Give back the data below exactly, with every line kept the same.

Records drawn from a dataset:
■ ■ ■
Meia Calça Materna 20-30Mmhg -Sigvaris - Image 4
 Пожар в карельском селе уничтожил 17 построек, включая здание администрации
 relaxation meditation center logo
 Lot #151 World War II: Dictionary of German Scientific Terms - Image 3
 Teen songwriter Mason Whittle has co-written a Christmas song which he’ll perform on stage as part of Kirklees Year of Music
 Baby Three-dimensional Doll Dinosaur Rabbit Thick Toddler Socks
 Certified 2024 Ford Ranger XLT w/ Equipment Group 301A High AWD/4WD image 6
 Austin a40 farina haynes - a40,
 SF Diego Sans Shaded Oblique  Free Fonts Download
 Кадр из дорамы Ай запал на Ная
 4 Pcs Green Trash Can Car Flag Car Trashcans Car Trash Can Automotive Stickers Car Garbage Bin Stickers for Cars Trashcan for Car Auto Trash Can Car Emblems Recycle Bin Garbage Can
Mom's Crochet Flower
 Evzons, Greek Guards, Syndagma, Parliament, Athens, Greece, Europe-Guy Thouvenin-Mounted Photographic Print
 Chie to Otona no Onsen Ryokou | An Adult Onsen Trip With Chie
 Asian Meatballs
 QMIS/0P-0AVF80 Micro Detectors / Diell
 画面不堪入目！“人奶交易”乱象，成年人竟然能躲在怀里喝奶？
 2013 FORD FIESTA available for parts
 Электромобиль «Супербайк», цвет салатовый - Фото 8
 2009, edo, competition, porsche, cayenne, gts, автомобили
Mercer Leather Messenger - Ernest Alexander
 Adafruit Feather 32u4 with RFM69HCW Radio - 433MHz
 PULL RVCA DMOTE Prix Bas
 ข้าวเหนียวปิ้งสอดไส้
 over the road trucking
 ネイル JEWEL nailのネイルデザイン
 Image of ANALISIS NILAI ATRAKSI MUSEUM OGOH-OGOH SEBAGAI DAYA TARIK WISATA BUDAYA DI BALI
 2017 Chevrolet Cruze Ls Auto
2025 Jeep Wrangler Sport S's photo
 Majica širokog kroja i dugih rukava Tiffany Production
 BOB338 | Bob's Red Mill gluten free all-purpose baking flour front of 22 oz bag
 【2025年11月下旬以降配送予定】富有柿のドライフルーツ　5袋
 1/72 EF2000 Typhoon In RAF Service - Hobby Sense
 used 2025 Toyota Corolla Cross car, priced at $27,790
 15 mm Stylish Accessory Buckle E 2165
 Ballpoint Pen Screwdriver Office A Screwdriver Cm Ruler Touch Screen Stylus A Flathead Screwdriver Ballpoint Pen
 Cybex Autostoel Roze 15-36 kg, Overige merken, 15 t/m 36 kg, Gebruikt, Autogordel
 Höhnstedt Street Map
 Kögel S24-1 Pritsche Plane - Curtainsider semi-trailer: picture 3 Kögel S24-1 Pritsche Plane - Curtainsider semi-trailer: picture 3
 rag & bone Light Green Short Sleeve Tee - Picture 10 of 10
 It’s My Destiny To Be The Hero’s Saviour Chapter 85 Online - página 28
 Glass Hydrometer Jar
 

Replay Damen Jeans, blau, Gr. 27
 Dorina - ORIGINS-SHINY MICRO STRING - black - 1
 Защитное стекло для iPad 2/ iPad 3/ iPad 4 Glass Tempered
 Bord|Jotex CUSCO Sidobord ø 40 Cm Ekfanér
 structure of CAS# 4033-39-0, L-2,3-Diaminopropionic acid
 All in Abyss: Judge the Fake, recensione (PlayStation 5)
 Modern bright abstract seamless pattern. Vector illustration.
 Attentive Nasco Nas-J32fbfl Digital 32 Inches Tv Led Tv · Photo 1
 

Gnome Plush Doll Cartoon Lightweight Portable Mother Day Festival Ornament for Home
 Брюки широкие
■ ■ ■
Exercise answer:
Meia Calça Materna 20-30Mmhg -Sigvaris - Image 4
 Пожар в карельском селе уничтожил 17 построек, включая здание администрации
 relaxation meditation center logo
 Lot #151 World War II: Dictionary of German Scientific Terms - Image 3
 Teen songwriter Mason Whittle has co-written a Christmas song which he’ll perform on stage as part of Kirklees Year of Music
 Baby Three-dimensional Doll Dinosaur Rabbit Thick Toddler Socks
 Certified 2024 Ford Ranger XLT w/ Equipment Group 301A High AWD/4WD image 6
 Austin a40 farina haynes - a40,
 SF Diego Sans Shaded Oblique  Free Fonts Download
 Кадр из дорамы Ай запал на Ная
 4 Pcs Green Trash Can Car Flag Car Trashcans Car Trash Can Automotive Stickers Car Garbage Bin Stickers for Cars Trashcan for Car Auto Trash Can Car Emblems Recycle Bin Garbage Can
Mom's Crochet Flower
 Evzons, Greek Guards, Syndagma, Parliament, Athens, Greece, Europe-Guy Thouvenin-Mounted Photographic Print
 Chie to Otona no Onsen Ryokou | An Adult Onsen Trip With Chie
 Asian Meatballs
 QMIS/0P-0AVF80 Micro Detectors / Diell
 画面不堪入目！“人奶交易”乱象，成年人竟然能躲在怀里喝奶？
 2013 FORD FIESTA available for parts
 Электромобиль «Супербайк», цвет салатовый - Фото 8
 2009, edo, competition, porsche, cayenne, gts, автомобили
Mercer Leather Messenger - Ernest Alexander
 Adafruit Feather 32u4 with RFM69HCW Radio - 433MHz
 PULL RVCA DMOTE Prix Bas
 ข้าวเหนียวปิ้งสอดไส้
 over the road trucking
 ネイル JEWEL nailのネイルデザイン
 Image of ANALISIS NILAI ATRAKSI MUSEUM OGOH-OGOH SEBAGAI DAYA TARIK WISATA BUDAYA DI BALI
 2017 Chevrolet Cruze Ls Auto
2025 Jeep Wrangler Sport S's photo
 Majica širokog kroja i dugih rukava Tiffany Production
 BOB338 | Bob's Red Mill gluten free all-purpose baking flour front of 22 oz bag
 【2025年11月下旬以降配送予定】富有柿のドライフルーツ　5袋
 1/72 EF2000 Typhoon In RAF Service - Hobby Sense
 used 2025 Toyota Corolla Cross car, priced at $27,790
 15 mm Stylish Accessory Buckle E 2165
 Ballpoint Pen Screwdriver Office A Screwdriver Cm Ruler Touch Screen Stylus A Flathead Screwdriver Ballpoint Pen
 Cybex Autostoel Roze 15-36 kg, Overige merken, 15 t/m 36 kg, Gebruikt, Autogordel
 Höhnstedt Street Map
 Kögel S24-1 Pritsche Plane - Curtainsider semi-trailer: picture 3 Kögel S24-1 Pritsche Plane - Curtainsider semi-trailer: picture 3
 rag & bone Light Green Short Sleeve Tee - Picture 10 of 10
 It’s My Destiny To Be The Hero’s Saviour Chapter 85 Online - página 28
 Glass Hydrometer Jar
 

Replay Damen Jeans, blau, Gr. 27
 Dorina - ORIGINS-SHINY MICRO STRING - black - 1
 Защитное стекло для iPad 2/ iPad 3/ iPad 4 Glass Tempered
 Bord|Jotex CUSCO Sidobord ø 40 Cm Ekfanér
 structure of CAS# 4033-39-0, L-2,3-Diaminopropionic acid
 All in Abyss: Judge the Fake, recensione (PlayStation 5)
 Modern bright abstract seamless pattern. Vector illustration.
 Attentive Nasco Nas-J32fbfl Digital 32 Inches Tv Led Tv · Photo 1
 

Gnome Plush Doll Cartoon Lightweight Portable Mother Day Festival Ornament for Home
 Брюки широкие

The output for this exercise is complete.